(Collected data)
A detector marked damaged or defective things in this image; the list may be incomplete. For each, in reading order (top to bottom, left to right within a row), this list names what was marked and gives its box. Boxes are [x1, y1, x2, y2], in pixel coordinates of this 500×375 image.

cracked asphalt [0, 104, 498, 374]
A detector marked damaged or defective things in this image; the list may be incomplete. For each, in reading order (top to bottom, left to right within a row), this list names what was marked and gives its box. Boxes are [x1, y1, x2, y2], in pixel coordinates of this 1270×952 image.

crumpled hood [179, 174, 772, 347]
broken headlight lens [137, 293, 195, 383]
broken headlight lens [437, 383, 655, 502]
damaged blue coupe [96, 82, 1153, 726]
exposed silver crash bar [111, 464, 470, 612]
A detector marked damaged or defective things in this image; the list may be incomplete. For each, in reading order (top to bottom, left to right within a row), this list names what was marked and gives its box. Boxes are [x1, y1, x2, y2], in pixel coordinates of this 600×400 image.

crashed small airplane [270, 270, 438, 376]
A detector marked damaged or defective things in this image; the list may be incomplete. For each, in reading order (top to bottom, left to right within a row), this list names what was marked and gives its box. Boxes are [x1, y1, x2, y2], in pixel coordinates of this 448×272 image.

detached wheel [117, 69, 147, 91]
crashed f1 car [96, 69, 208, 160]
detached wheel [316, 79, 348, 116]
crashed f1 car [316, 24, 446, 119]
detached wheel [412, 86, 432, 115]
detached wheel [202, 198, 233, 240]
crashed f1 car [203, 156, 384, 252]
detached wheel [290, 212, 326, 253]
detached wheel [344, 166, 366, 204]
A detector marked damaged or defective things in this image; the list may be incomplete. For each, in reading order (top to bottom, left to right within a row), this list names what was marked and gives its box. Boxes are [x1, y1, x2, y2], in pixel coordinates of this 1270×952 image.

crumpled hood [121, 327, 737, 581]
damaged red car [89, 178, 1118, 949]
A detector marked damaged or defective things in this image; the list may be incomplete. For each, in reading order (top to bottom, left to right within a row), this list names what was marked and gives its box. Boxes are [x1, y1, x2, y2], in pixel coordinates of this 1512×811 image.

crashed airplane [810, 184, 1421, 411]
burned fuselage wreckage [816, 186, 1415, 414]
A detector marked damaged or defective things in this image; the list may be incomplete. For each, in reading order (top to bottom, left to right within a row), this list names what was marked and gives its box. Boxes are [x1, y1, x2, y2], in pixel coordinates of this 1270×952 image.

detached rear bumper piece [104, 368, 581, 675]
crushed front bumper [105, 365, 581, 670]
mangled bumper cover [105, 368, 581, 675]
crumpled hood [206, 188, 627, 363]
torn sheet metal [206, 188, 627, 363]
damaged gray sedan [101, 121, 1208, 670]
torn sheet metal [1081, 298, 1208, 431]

#### [DIRECTIONS]
From the line containing "this 1512×811 image." to the last line of the records above, please write out every line exactly and add nothing.

#### [PROBLEM SOLUTION]
A detector marked damaged or defective things in this image; the list may be incomplete. For each, in reading order (top to bottom, left to right within a row), this list names what was marked and gives its box. Boxes are [x1, y1, x2, y2], in pixel coordinates of this 1512×811 image.

crashed airplane [810, 184, 1421, 411]
burned fuselage wreckage [816, 186, 1415, 414]
A detector marked damaged or defective things in this image; the list may be incomplete. For each, in reading order (top to bottom, left to right within a row), this list names what was marked and gives its box. Boxes are [x1, y1, x2, y2], in pixel coordinates of this 1270×952 image.

detached rear bumper piece [104, 368, 581, 675]
crushed front bumper [105, 365, 581, 670]
mangled bumper cover [105, 368, 581, 675]
crumpled hood [206, 188, 627, 363]
torn sheet metal [206, 188, 627, 363]
damaged gray sedan [101, 121, 1208, 670]
torn sheet metal [1081, 298, 1208, 431]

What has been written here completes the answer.